_Exercise directions_
Hand back, word for word, the lines from the one containing "Face Trauma Ct Emergency Radiology Youtube" to the end of the records, both included, and leave out pictures.

Web page caption snippets:
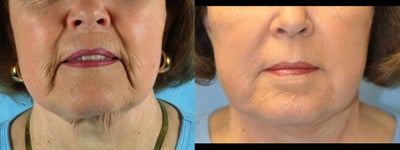 77 Year Old Treated for Unacceptable Cosmetic Appearance of Face - 
	Procedure: CO2 Laser Treatment
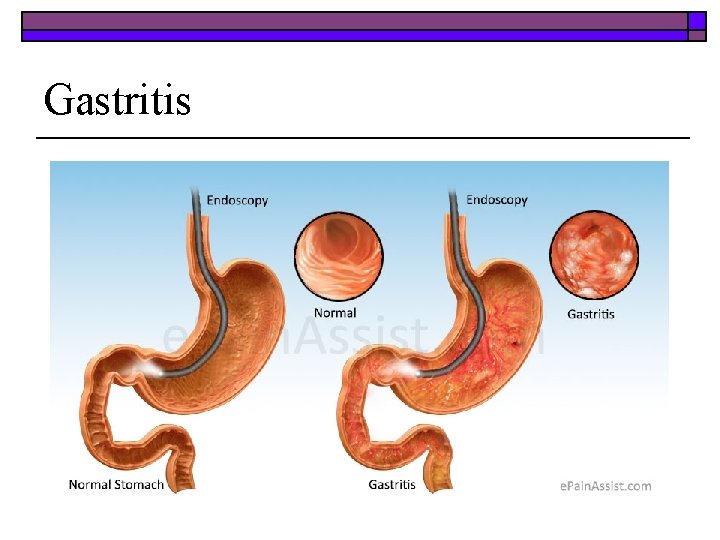 Gastritis 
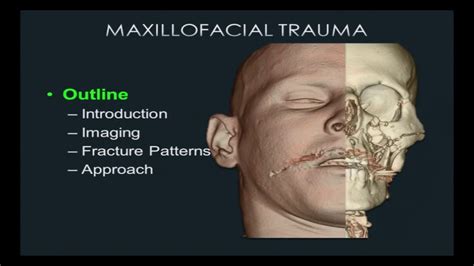 Face Trauma Ct Emergency Radiology Youtube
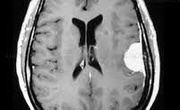 مجموعه ۸۳۰۰ عددی MRI تشخیص تومور مغزی با فرمت YOLO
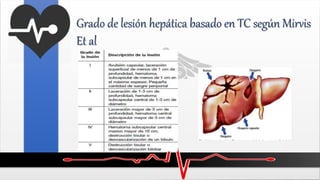 Grado de lesión hepática basado en TC según Mirvis
Et al
 
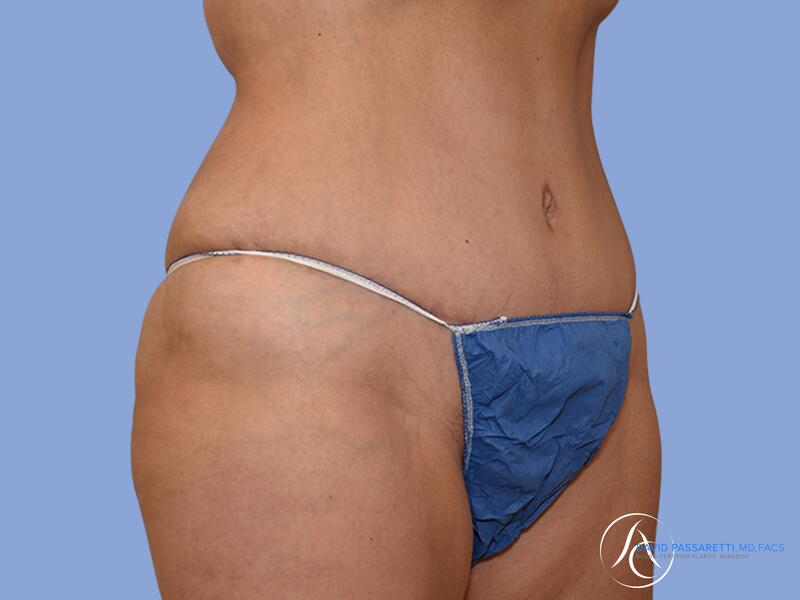 Abdominoplasty before & after photo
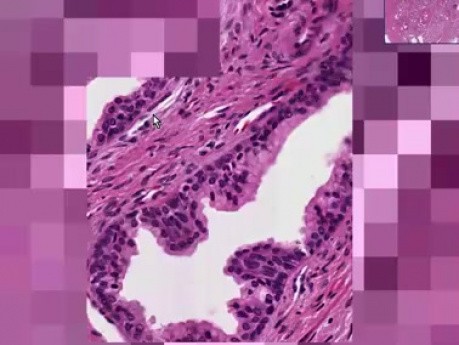 Nodular hyperplasia - Histopathology of prostate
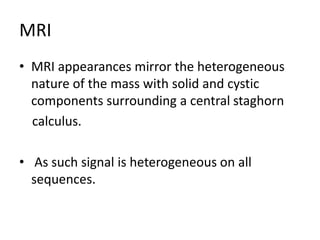 MRI
• MRI appearances mirror the heterogeneous
nature of the mass with solid and cystic
components surrounding a central staghorn
calculus.
• As such signal is heterogeneous on all
sequences.
 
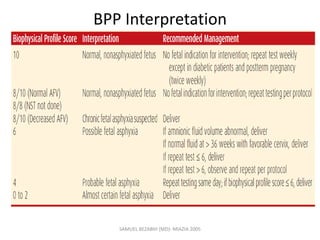 BPP Interpretation
SAMUEL BEZABIH (MD)- MIAZIA 2005
 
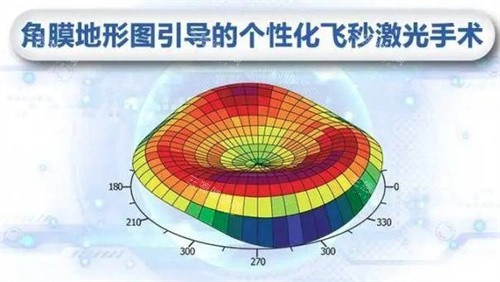 个性化飞秒激光手术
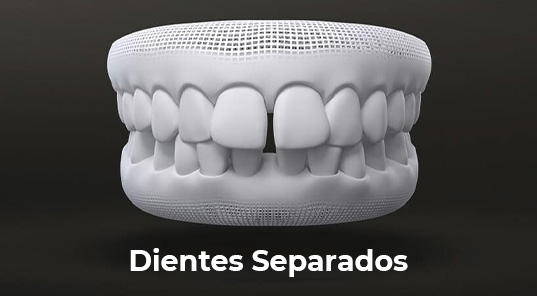 dientes-chuecos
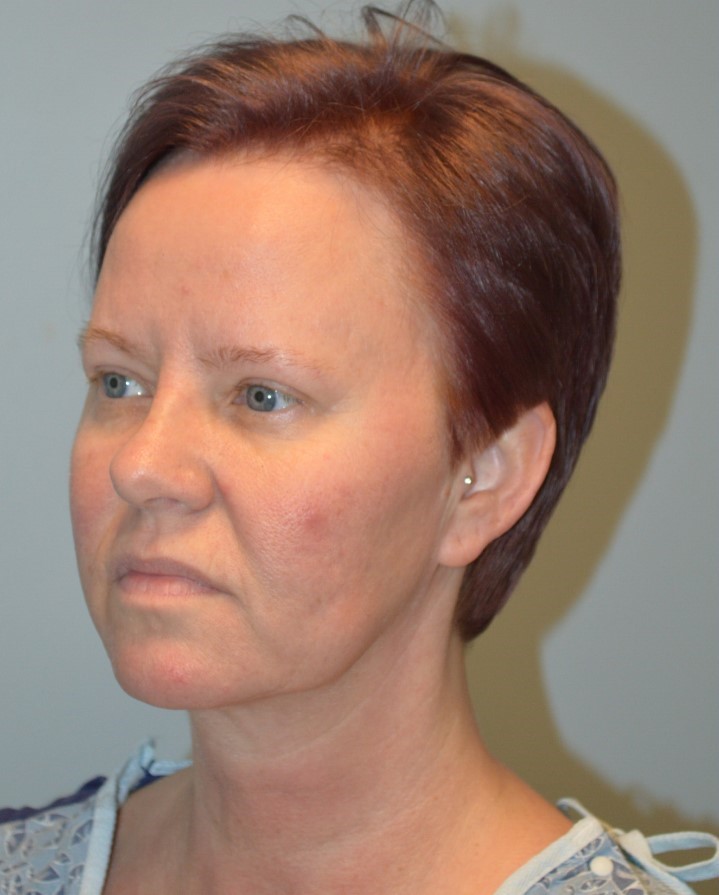 Before Image: Facelift and Neck Lift - left-front-oblique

_Finished task_
 Face Trauma Ct Emergency Radiology Youtube
 مجموعه ۸۳۰۰ عددی MRI تشخیص تومور مغزی با فرمت YOLO
 Grado de lesión hepática basado en TC según Mirvis
Et al
 
 Abdominoplasty before & after photo
 Nodular hyperplasia - Histopathology of prostate
 MRI
• MRI appearances mirror the heterogeneous
nature of the mass with solid and cystic
components surrounding a central staghorn
calculus.
• As such signal is heterogeneous on all
sequences.
 
 BPP Interpretation
SAMUEL BEZABIH (MD)- MIAZIA 2005
 
 个性化飞秒激光手术
 dientes-chuecos
 Before Image: Facelift and Neck Lift - left-front-oblique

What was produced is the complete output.